HighestAvailable: this operation is run with the highest permissions available to the current user.
RequireAdministrator: this operation only runs as a system administrator.
The default value is asInvoker.
Both highestAvailable and requireAdministrator prompts you to obtain system administrator privileges. So what are the differences between the two options?
The difference between them is that if we do not log on with an administrator account, if the application is set to requireAdministrator, the application will directly run and fail to start.
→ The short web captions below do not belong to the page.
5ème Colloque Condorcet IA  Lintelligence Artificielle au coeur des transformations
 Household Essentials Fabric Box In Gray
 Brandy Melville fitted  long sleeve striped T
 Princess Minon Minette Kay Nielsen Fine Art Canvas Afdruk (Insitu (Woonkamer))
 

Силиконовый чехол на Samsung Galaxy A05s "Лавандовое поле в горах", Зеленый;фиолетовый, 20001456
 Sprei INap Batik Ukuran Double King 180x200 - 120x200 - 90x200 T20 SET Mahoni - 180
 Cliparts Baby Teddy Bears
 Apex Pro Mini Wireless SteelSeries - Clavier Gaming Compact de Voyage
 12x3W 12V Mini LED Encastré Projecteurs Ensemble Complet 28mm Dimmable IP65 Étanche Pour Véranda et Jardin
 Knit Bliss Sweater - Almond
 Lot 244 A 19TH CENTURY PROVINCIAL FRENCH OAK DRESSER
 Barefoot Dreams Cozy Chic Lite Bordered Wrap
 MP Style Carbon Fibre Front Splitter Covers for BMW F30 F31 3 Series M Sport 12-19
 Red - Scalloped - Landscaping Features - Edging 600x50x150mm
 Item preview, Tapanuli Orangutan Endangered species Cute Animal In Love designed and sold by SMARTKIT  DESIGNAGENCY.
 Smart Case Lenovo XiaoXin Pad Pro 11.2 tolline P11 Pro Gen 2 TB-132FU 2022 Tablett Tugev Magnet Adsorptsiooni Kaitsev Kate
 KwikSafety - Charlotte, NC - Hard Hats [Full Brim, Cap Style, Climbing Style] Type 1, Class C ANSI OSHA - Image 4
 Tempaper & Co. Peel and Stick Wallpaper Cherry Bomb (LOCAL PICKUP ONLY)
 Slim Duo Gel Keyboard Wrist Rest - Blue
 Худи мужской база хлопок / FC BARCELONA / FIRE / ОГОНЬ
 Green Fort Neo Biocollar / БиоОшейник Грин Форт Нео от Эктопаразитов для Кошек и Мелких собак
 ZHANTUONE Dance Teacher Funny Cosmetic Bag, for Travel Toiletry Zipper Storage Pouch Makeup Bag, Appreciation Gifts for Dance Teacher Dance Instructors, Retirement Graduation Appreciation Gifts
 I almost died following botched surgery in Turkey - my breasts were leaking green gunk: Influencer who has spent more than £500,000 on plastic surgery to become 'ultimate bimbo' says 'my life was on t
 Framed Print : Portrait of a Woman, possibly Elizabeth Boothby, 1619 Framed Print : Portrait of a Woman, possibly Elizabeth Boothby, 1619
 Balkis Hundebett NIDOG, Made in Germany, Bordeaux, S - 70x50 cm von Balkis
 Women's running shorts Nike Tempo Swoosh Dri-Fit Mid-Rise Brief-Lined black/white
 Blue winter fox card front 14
If it is set to highestAvailable, the application can run successfully, but it runs with the permissions of the current account rather than the system administrator. If we want the program to run during non-administrator login (some functions should be restricted in this case), we recommend using highestAvailable for configuration.
For more information about requestedExecutionLevel settings, see the following link:
Create and Embed an Application Manifest (UAC)
The modified configuration file is as follows:
<?xml version="1.0" encoding="utf-8"?><asmv1:assembly manifestVersion="1.0" xmlns="urn:schemas-microsoft-com:asm.v1"
xmlns:asmv1="urn:schemas-microsoft-com:asm.v1" xmlns:asmv2="urn:schemas-microsoft-com:asm.v2"
xmlns:xsi="http://www.w3.org/2001/XMLSchema-instance"> <assemblyIdentity version="1.0.0.0" name="MyApplication.app"/> <trustInfo xmlns="urn:schemas-microsoft-com:asm.v2"> <security> <requestedPrivileges xmlns="urn:schemas-microsoft-com:asm.v3"> <!-- UAC Manifest Options If you want to change the Windows User Account Control level replace the requestedExecutionLevel node with one of the following. <requestedExecutionLevel level="asInvoker" uiAccess="false" /> <requestedExecutionLevel level="requireAdministrator" uiAccess="false" /> <requestedExecutionLevel level="highestAvailable" uiAccess="false" /> If you want to utilize File and Registry Virtualization for backward compatibility then delete the requestedExecutionLevel node. --> <requestedExecutionLevel level="requireAdministrator" uiAccess="false" /> </requestedPrivileges> </security> </trustInfo></asmv1:assembly>
After the configuration file is modified, we run the application. A prompt box is displayed. Click Yes to continue running the program and obtain the privileges of the system administrator.
Next, let's take a look at how the program knows whether it is currently running as a system administrator or not:
public static bool IsAdministrator() { WindowsIdentity identity = WindowsIdentity.GetCurrent(); WindowsPrincipal principal = new WindowsPrincipal(identity); return principal.IsInRole(WindowsBuiltInRole.Administrator); }
This code can be used to determine whether the current program runs under the privileges of the system administrator. If asInvoker is configured, false is returned for this function in win7, and true is returned for requireAdministrator.